With that being said, if I have any advice at all to give, I’d have to say that if you could have an honest conversation and dialogue about it, that could alleviate some of the desires you are having. It did for me, at least. Don’t get me wrong, I still think about it all. the. time. But at least I know it WILL happen one day. 🙂
Post # 10
I totally feel like I’m in a waiting phase. We are going to try in the spring but it seems so far away.
at some point in the next few months talking about a very general timeline and bucket list to dos before baby would be a good idea for you, agree about waiting a bit after the conversation you just had.
i say it’s a good idea to talk because it appears some men just keeping thinking that yes they want kids in the future but never realize they have to actually decide on a point in the future. Darling Husband is 41 in less than a month and I’m 38, we don’t have any kids but we do want some. Based on talks with Darling Husband, he would wait another few years because yes he wants them, but in the future. this in the future business seems to be some fairyland time that is miles down the road ( I don’t know if in his fairyland vision of the future we are the same age as we are now or what lol!).
I’ve had to navigate the whole actually picking a point in time very delicately so he doesn’t see it as pushing but honestly, how many years would he let go by before he decided he was ready if i never brought it up.

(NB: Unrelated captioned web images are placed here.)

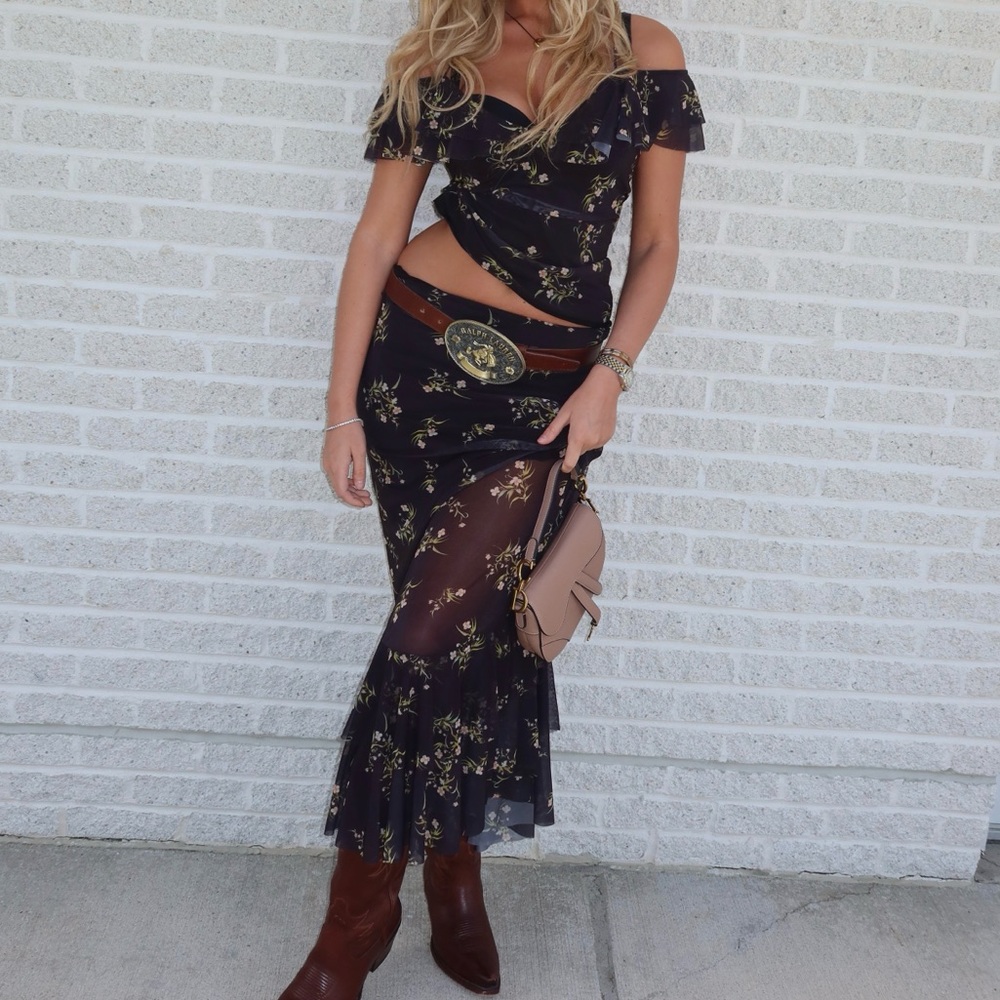 Zara Black and Green Ruffled Midi Skirt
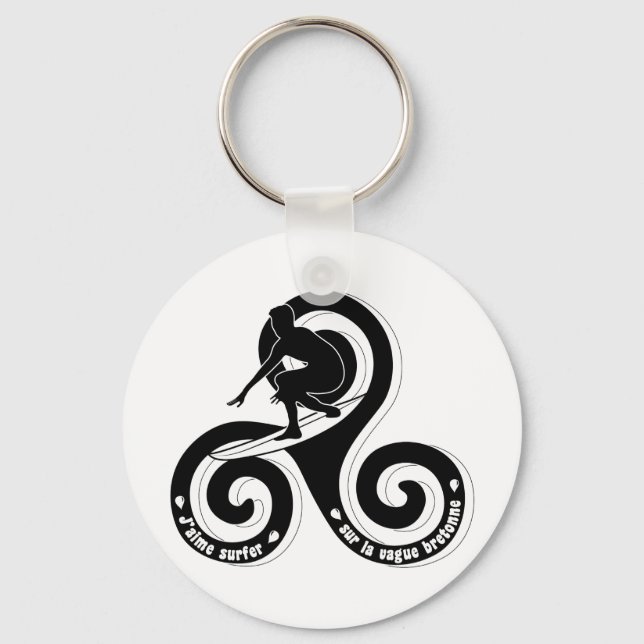 Surfer sur la vague bretonne (version homme) nyckelring (Framsida)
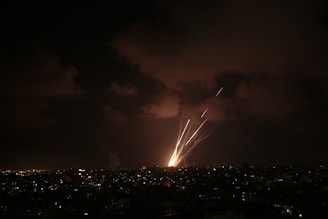 lightning striking a city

I really think he would just keep thinking it would still happen for years to come. he is aware of the biology/age factor, but seemingly that doesn’t apply to us in his mind.

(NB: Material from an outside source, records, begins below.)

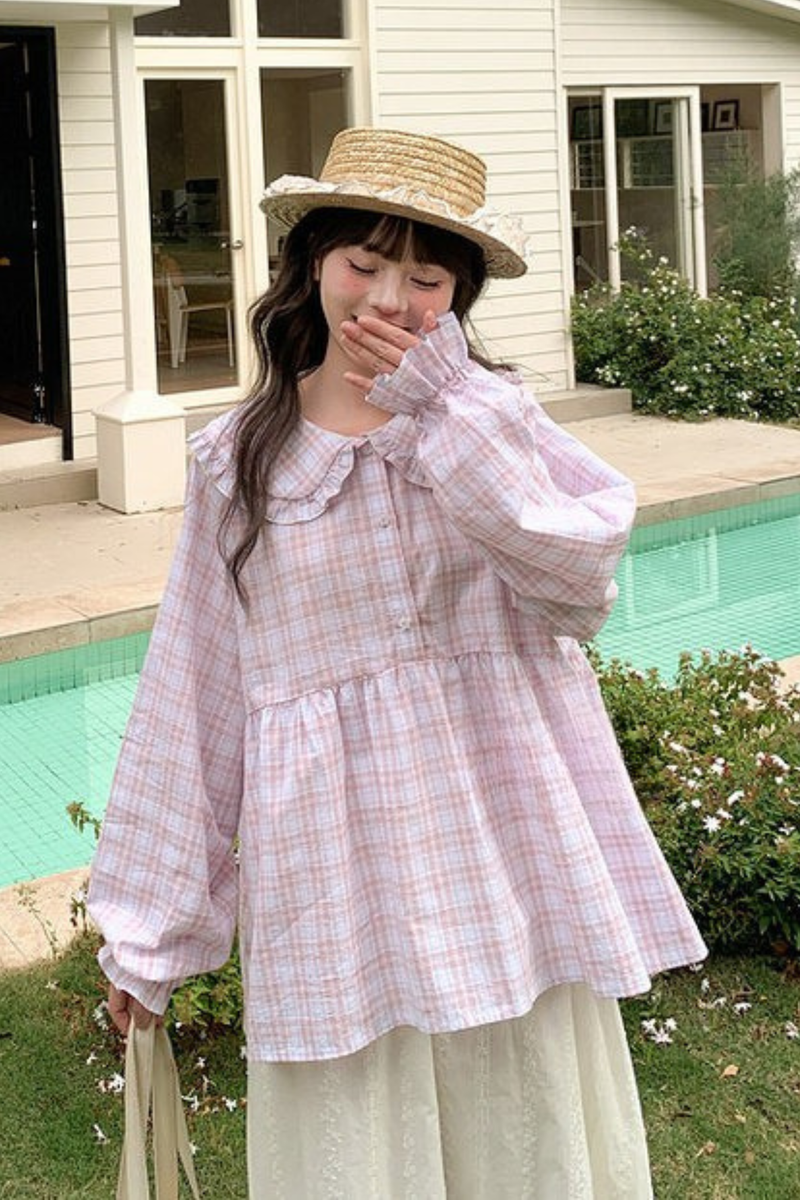 Pink Plaid Cotton Blouse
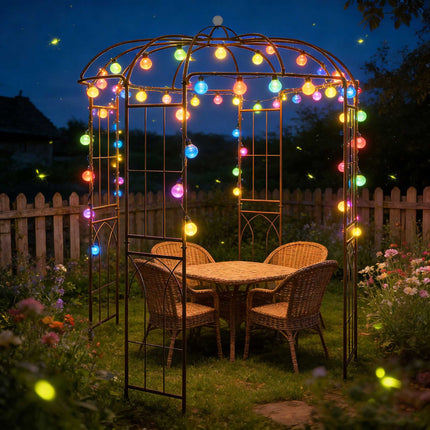 Metal Rose Arbour with Trellis Panels – Dark Green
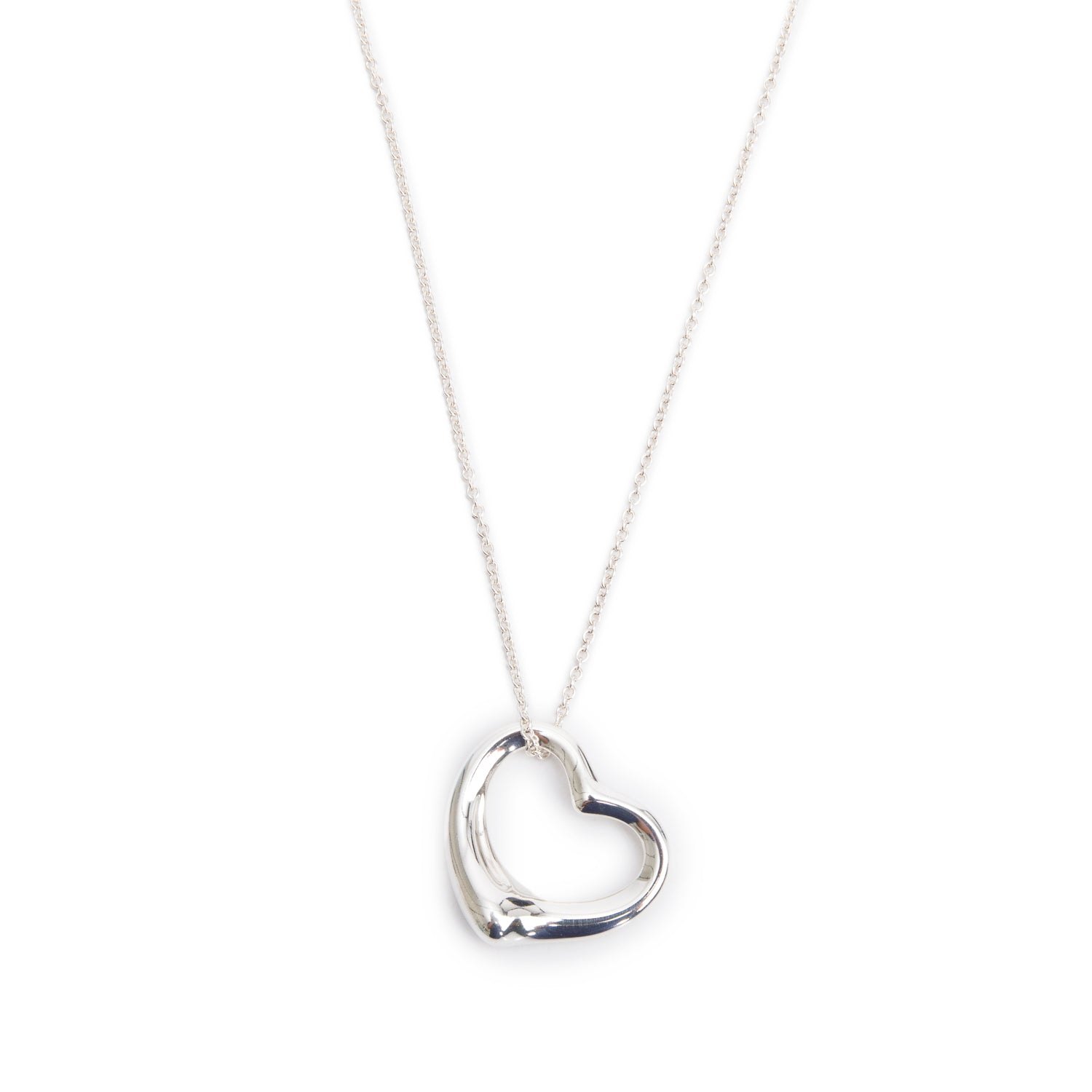Tiffany & Co. Sterling Silver Elsa Peretti Open Heart Pendant Necklace, 27 MM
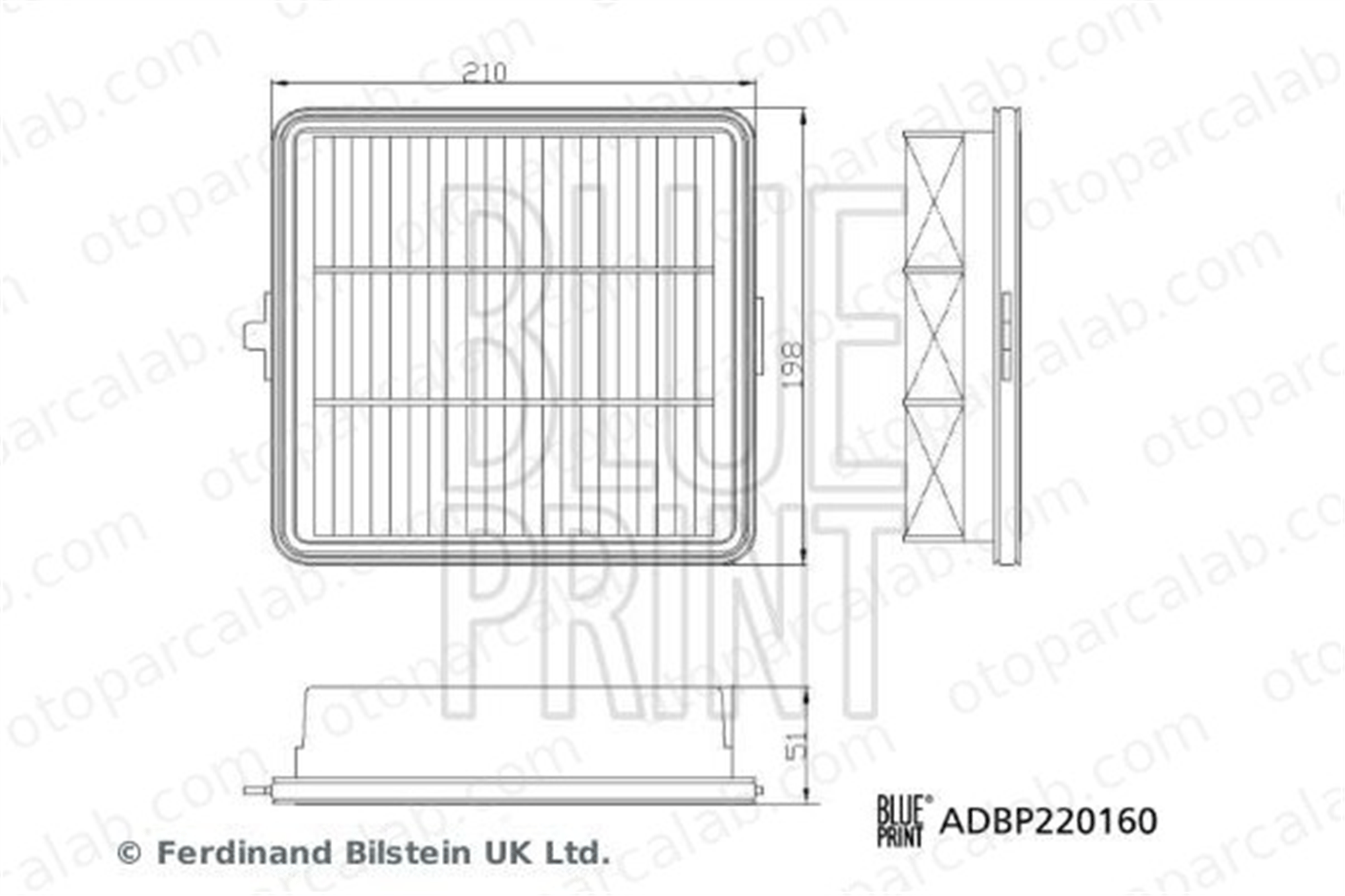 BLUE PRINT ADBP220160 Hava Filtresi HYUNDAI i30 i30 Station wagon 28113EB000 28113BE000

I’m getting antsy because leaving it too much later is not an option for me. I already have little desire to be hauling my almost 40 yr self in and out of bed and be slaving over diapers and piles of laundry, let alone at almost 50 having to potentially be dragging myself and kids to hockey arenas at 5am on saturdays. I could cry thinking about it lol!!
So yeah, a situation I never thought I’d be in (didn’t expect marriage and kids to be options at this age) but here we are and if spring doesn’t hurry up and get here I will just get more frustrated and consider even more just pulling the plug on the whole thing. Darling Husband REALLY does want kids though so …arrrghhhh.